Ehegattentestament als Berliner Testament

Der Erblasser und seine 2013 vorverstorbene Ehefrau haben mit gemeinschaftlichem Testament als Schlusserben ihren einzigen Sohn (im Folgenden auch „Beteiligter 1)“) bestimmt. Es handelt sich um ein sogenanntes „Berliner Testament“.

Das Testament enthielt unter anderem folgende Klausel:

„Erben außerhalb der Familie kommen nicht in Frage und somit hat unser Sohn vollen Anspruch auf das vorgenannte Erbgut. […]

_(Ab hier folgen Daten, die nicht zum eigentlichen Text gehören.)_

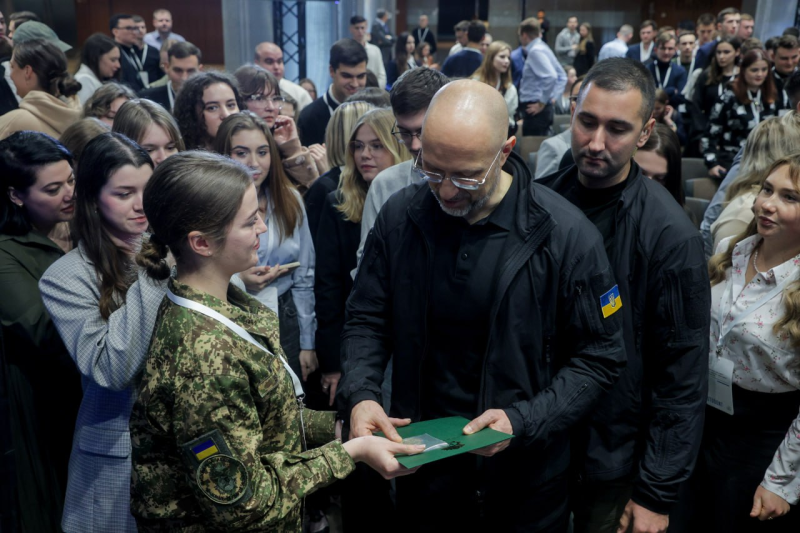 Прем'єр-міністр України зустрівся зі студентами для обговорення значущих освітніх реформ, що реалізуються Урядом.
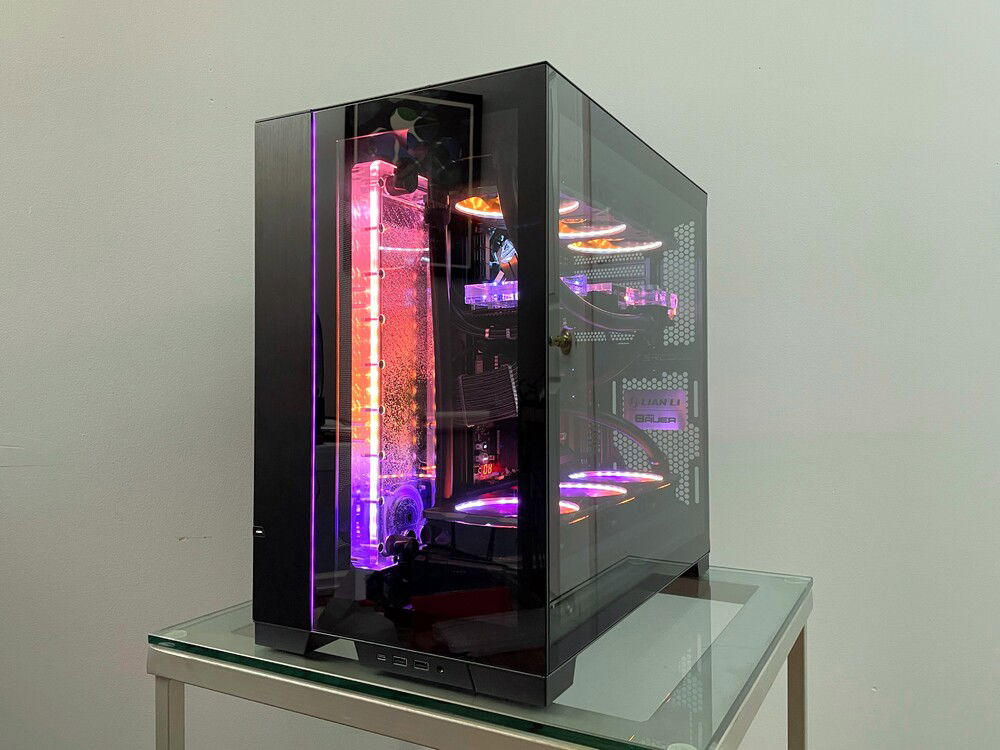 Personally, I'm not a fan of super dark tinted tempered glass. I like the tint level here.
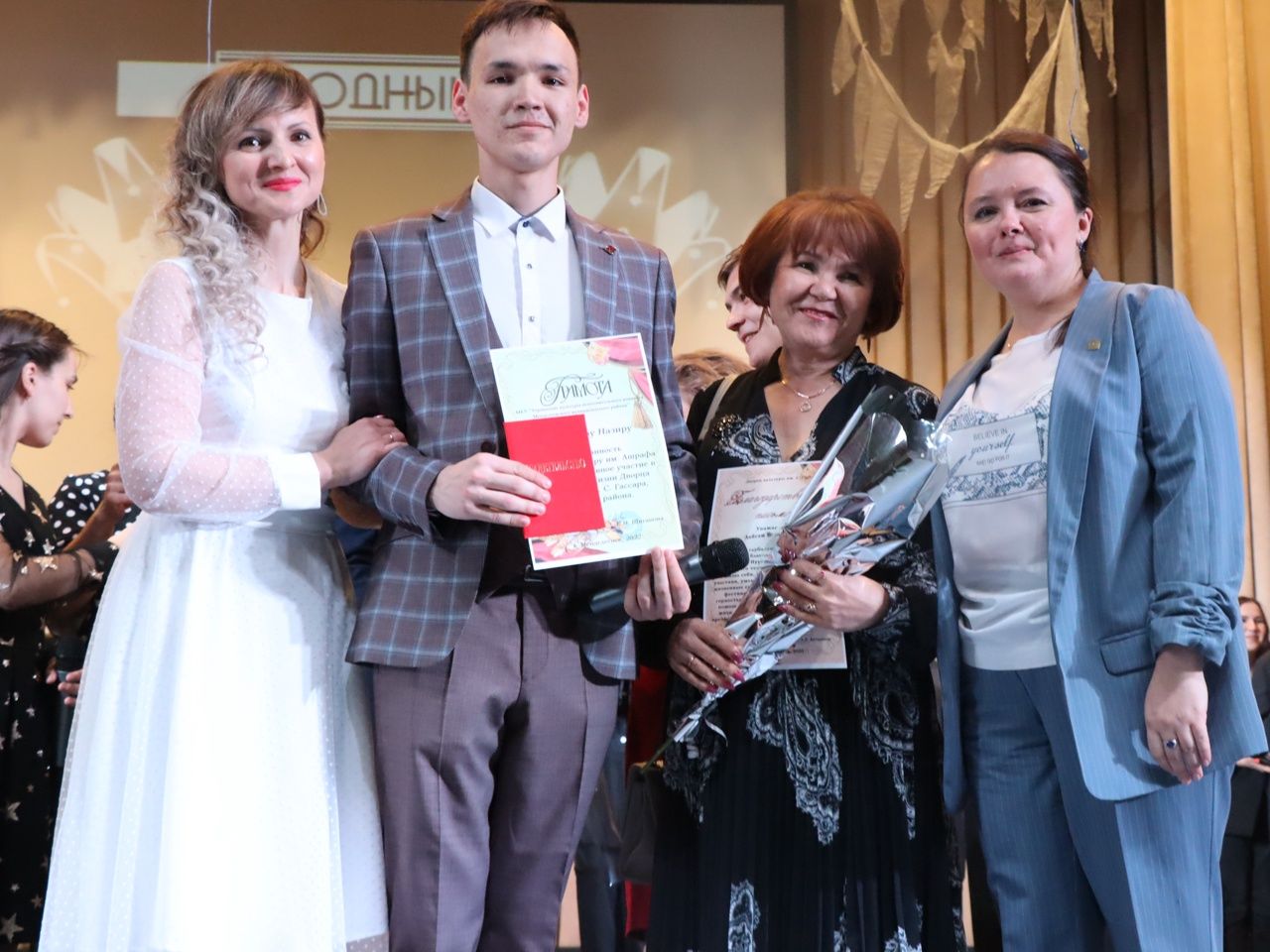 Артисты театра имени А. Ахунова эмоционально и реалистично представили спектакль-мюзикл «Будем жить»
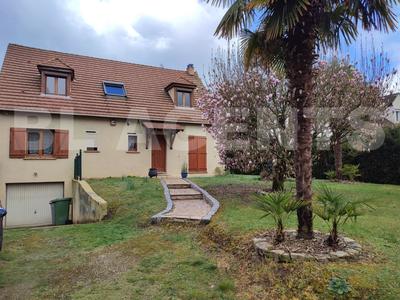 Maison traditionnelle - 160 m² - 7 pièces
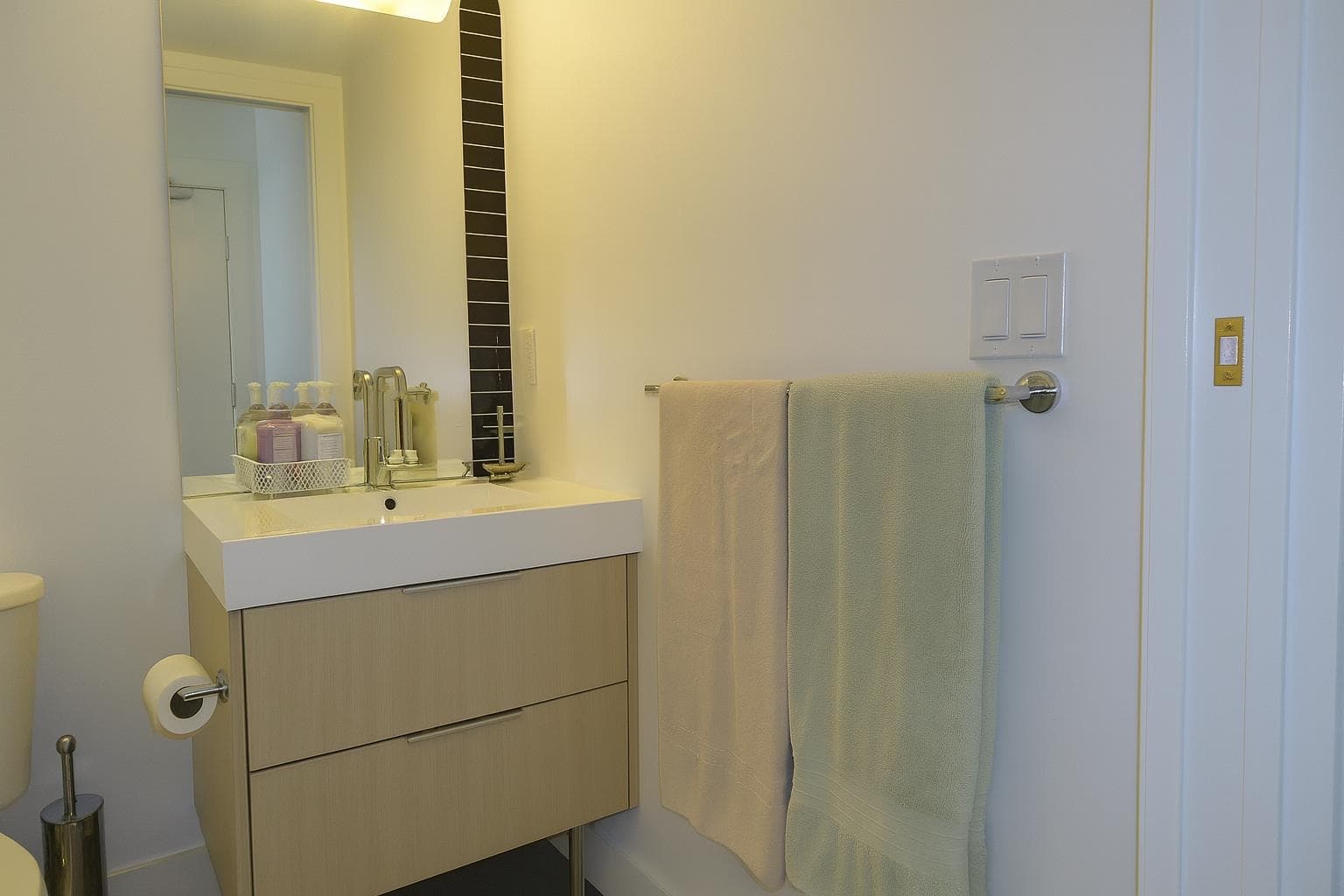 1213 - 1325 Rolston Street, Vancouver, V6B 0M2 — photo 5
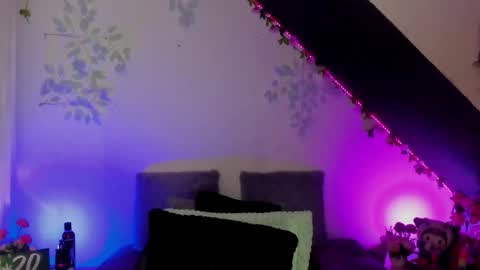 Snapshot of cata_greenn chatting on January 22, 9:54 pm Cata green model independient online show from January 22, 9:54 pm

Auch im Fall, dass es mit unserem Sohn zu familiären Zuwiderhandlungen kommen sollte, sind wir berechtigt das Testament zu annullieren.“

Notarielles Änderungstestament

Nach dem Tod seiner Frau erließ der Erblasser 2014 ein neues notariellem Testament. Hierin war sein Sohn nur noch ½ Miterbe, daneben setzte der Erblasser seine Lebensgefährtin (im Folgenden „Beteiligte 2)“), mit der er bereits zu Lebzeiten seiner Ehefrau eine außereheliche Affäre hatte, zu ½ als Miterbin ein. Im Abschnitt „Vorbemerkungen“ begründete der Erblasser im notariellen Testament, dass sich zur Beteiligten 2) eine enge Freundschaft entwickelt habe, während sein Sohn ihn in den letzten zwei Jahren nur viermal besucht und sich auch sonst nicht um ihn gekümmert habe. Nach seiner Ansicht sei das ausreichend gewesen, um eine „familiäre Zuwiderhandlung“ zu begründen und somit das gemeinschaftliche Ehegattentestament auszuhebeln.

Alleinerbe oder Miterben?

Aus diesem Grund beantragte auf der einen Seite die Beteiligte zu 2) die Erteilung eines Erbscheins, wonach sie und der Beteiligte zu 1) je zu ½ Miterben sein sollten, während der Beteiligte zu 1) auf der anderen Seite einen Erbschein beantragte, der nur ihn als Alleinerben ausweisen sollte. Das Nachlassgericht folgte der Argumentation der Beteiligten zu 2), wonach eine familiäre Zuwiderhandlung des Beteiligten zu 1) vorgelegen habe, da der Beteiligte zu 1) dem Erblasser zu wenig Zuneigung entgegengebracht habe, sodass der Erblasser daher frei neu testieren durfte. Der Beteiligte zu 1) wollte dies nicht auf sich sitzen lassen und legte gegen die Entscheidung des Nachlassgerichts Beschwerde ein. Der Fall landete vor dem Oberlandesgericht Bamberg.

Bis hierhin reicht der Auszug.